With RCS support on both Android and iOS the telecom messaging infrastructure is on par with platforms like WhatsApp and WeChat,
That means a bigger messaging platform for businesses. Mumick provided some business use cases.
"Businesses, instead of sending 160 characters to people, they can send rich media to the people they choose," he said.
"They can send videos to people, and if people want to respond instead of having to type messages, they can just click on buttons in the messages ... so [messages] not only include a picture or a video, but you can include buttons in something called 'Suggested Actions,' or 'Suggested Replies.'
Let us say you want to send somebody a map ... to come to your store.

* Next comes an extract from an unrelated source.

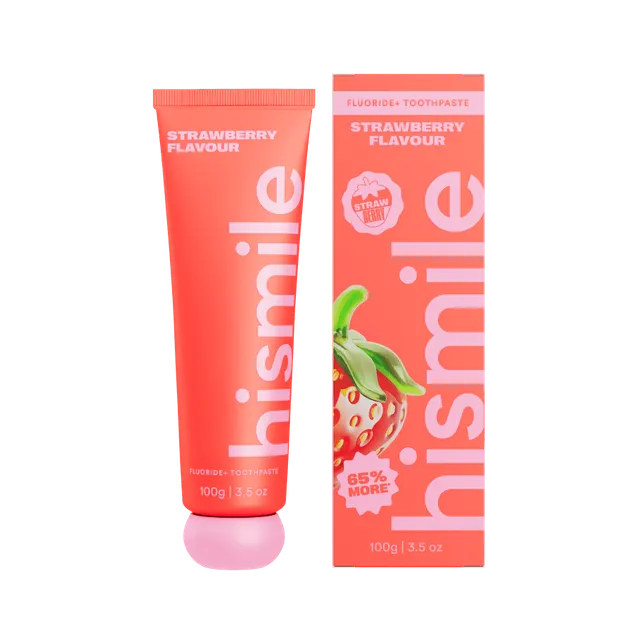 hismile-zahnpasta-erdbeere-fluoride-60g-geschmacks-edition image 1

You can include a button saying directions and the user clicks on it, and it opens up Google Maps, and you actually get directions to the store. Or, you want to send somebody to a website, you have a button with a URL embedded behind it, the user never sees the URL, it just says 'shop here.'"
From sending boarding passes, to appointments, to creating marketing campaigns, Mumick said businesses are apt to get very creative using RCS messaging.
"For example, using RCS, you can set up a chatbot ... let us say you want to set up a sports chatbot for football where the user is able to select a team they want to follow. They can get a carousel with the 10 major teams in the NFL, and they can pick which team they want to want to follow. It's a methodology for users to communicate with their businesses. It enables conversations to happen between the business and its consumers," he said.
"RCS can also be monetized by developers. That's something that Dotgo, which is owned by parent company, Gupshup, can help developers with, Mumick said.
Dotgo serves carriers and developer customers. Both can run their entire RCS business using a software stack, as well as managed services that Dotgo provides."
One service is ensuring that RCS messages are secure or as Mumick put it, "that a message from Walmart is actually coming from Walmart."
Dotgo provides APIs for developing applications that can send RCS messages. The platform also provides content control to prevent spam and undesirable content from going to users.
Additionally, "it provides the capability for rating and billing ... and appropriate real-time reports and analytics are provided to the carrier but also for the developers, the customers of the carrier. This is an entire platform targeted towards monetization," he said.
"In the last quarter of 2023, we handled over a billion RCS business messages on our platform," he added.
For businesses, "chat application and sending messages ... is more effective and gets better response rates than sending emails," Mumick said.
Editor's note: This article has been updated to clarify Dotgo's offerings.